Source material below:
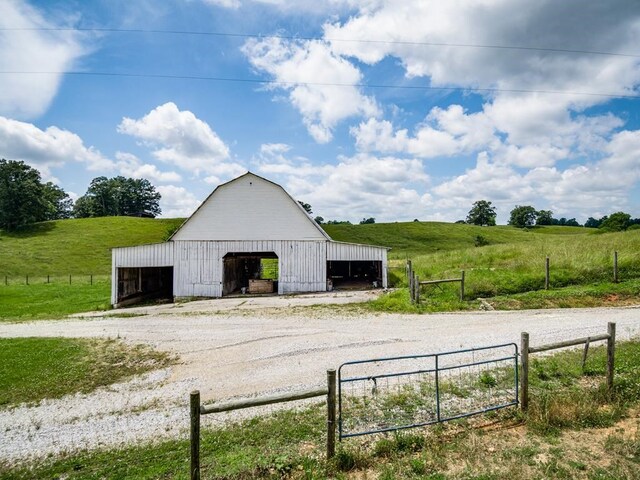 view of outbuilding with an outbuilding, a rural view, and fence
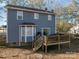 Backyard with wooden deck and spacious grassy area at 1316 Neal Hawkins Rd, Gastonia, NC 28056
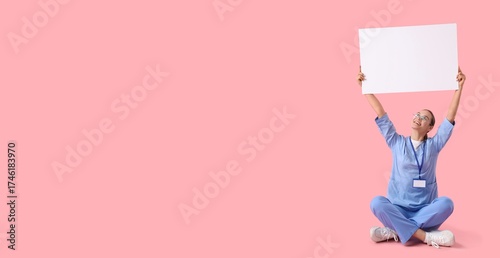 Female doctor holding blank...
End of Source material.
Source material below:
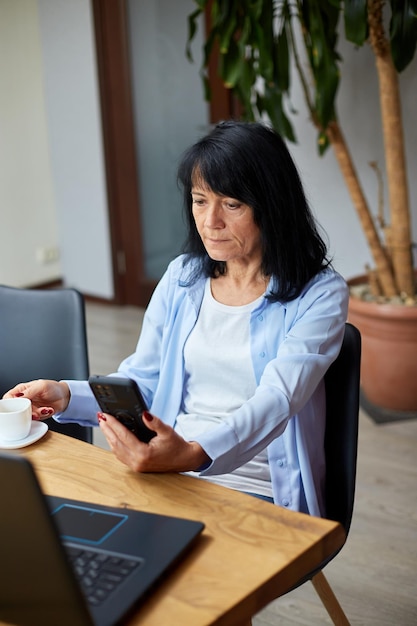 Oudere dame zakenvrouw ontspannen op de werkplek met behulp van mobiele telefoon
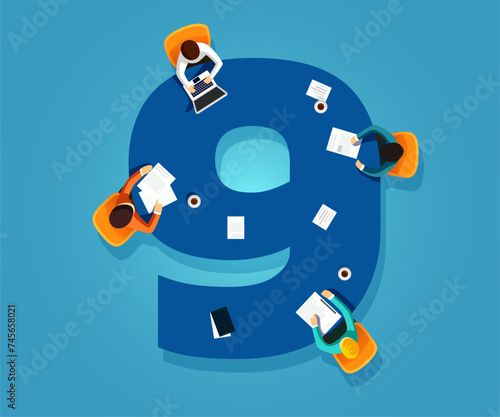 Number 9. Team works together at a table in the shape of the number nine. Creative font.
End of Source material.
Print the line above containing "view of outbuilding", the line containing "Female doctor holding blank...", and everything between them, exactly as written. Pictures stay out.

§ **Response for this exercise**
 view of outbuilding with an outbuilding, a rural view, and fence
 Backyard with wooden deck and spacious grassy area at 1316 Neal Hawkins Rd, Gastonia, NC 28056
 Female doctor holding blank...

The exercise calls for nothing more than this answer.